Indonesia’s Lion Air crash report calls for redesign of Boeing 737 MAX, better training for pilots
- An advance copy of a final report into the crash that killed all 189 people on board last October found a number of issues with the aircraft made by US aviation giant Boeing
- Lion Air should have grounded the jet following faults on earlier flights, it said, adding that 31 pages were missing from October maintenance logs
An advance copy of a final report into the crash of the Boeing 737 MAX that crashed on October 29, 2018 was obtained by The Seattle Times, which published the report.
Indonesian investigators on Wednesday told families of the victims that a mix of factors contributed to the crash, including mechanical and design issues and a lack of documentation about how systems would behave.
“Deficiencies” in the flight crew’s communication and manual control of the aircraft contributed to the crash, as did alerts and distractions in the cockpit, according to slides presented to the families.

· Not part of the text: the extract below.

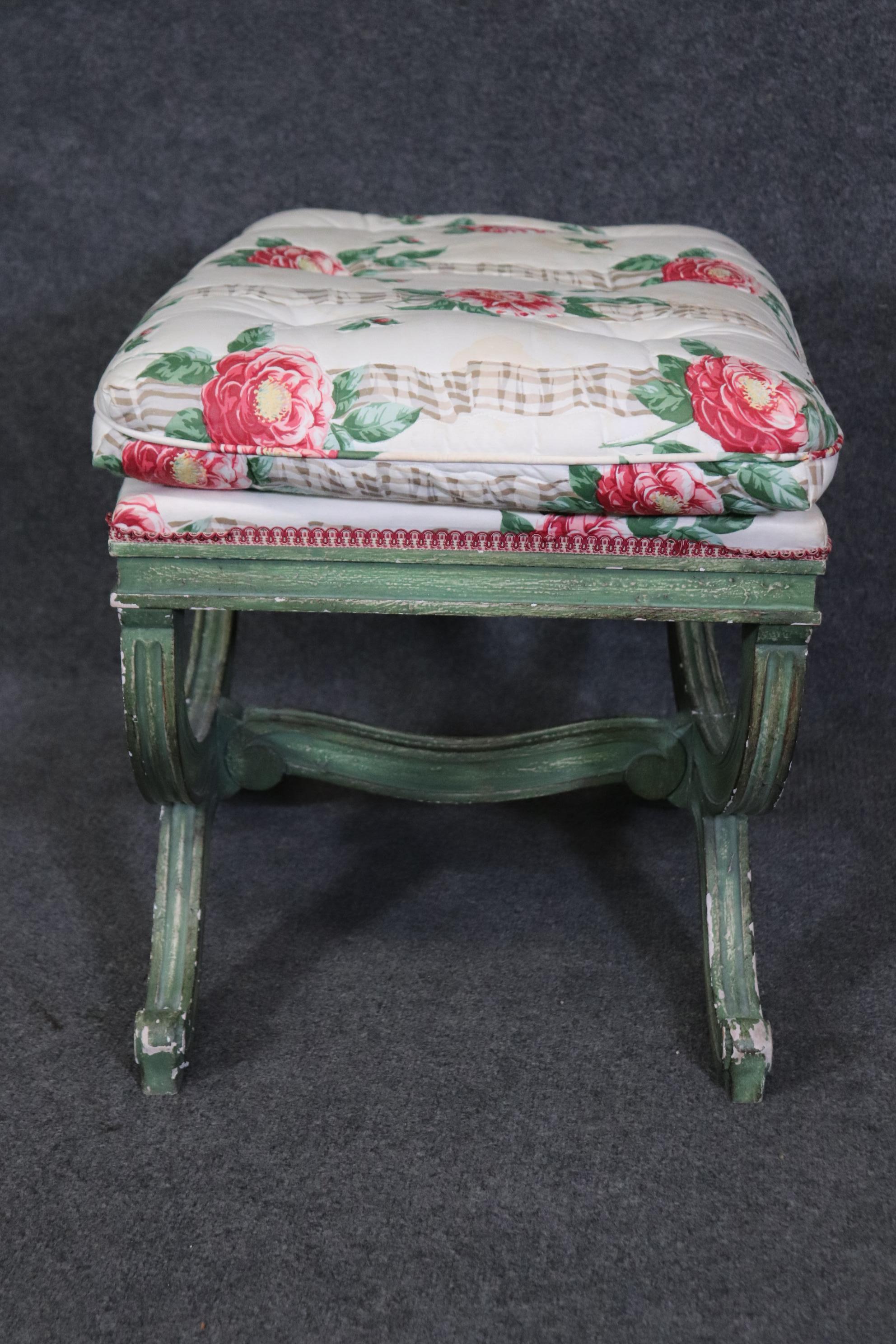 Walnut Gorgeous Green Painted decorated Upholstered Cerule Style Regency Bench Stool For Sale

The final report said the first officer was unfamiliar with procedures and had shown issues handling the aircraft during training, according to The Seattle Times.
When the aircraft encountered airspeed reading problems after take-off, the first officer had to be asked twice by the captain to perform the checklist and it took him four minutes to find it in the quick reference handbook, the newspaper said.
The report also found that a critical sensor providing data to an anti-stall system had been miscalibrated by a repair shop in Florida and that there were strong indications that it was not tested during installation by Lion Air maintenance staff.
Lion Air should have grounded the jet following faults on earlier flights, the report said, adding that 31 pages were missing from the airline’s October maintenance logs.
Lion Air did not respond to a request for comment.
In the report, Indonesian regulators recommended a redesign of the anti-stall system known as MCAS that automatically pushed the plane’s nose down, leaving pilots fighting for control.
Boeing has already said it would remake the system and provide more information about it in pilot manuals.
According to the report, Boeing’s safety assessment assumed pilots would respond within three seconds of a system malfunction but on the flight that crashed and one that experienced the same problem the previous evening, it took both crews about eight seconds to respond, The Seattle Times said.
Boeing had reasoned that MCAS could be countered by a pilot pulling back on the control column alone, but events and subsequent tests showed that cut-out switches needed to be used, the paper cited the report as saying.
In December 2018, accident investigators and Boeing conducted a simulator test and found that after just two activations of MCAS, absent counteraction from the pilot, the control column became “too heavy” to move, the newspaper said.
The final report will be released publicly on Friday. Boeing has said it cannot comment before the release of the report.
A panel of international air safety regulators this month also faulted Boeing for assumptions it made in designing the 737 MAX and found areas where Boeing could improve processes.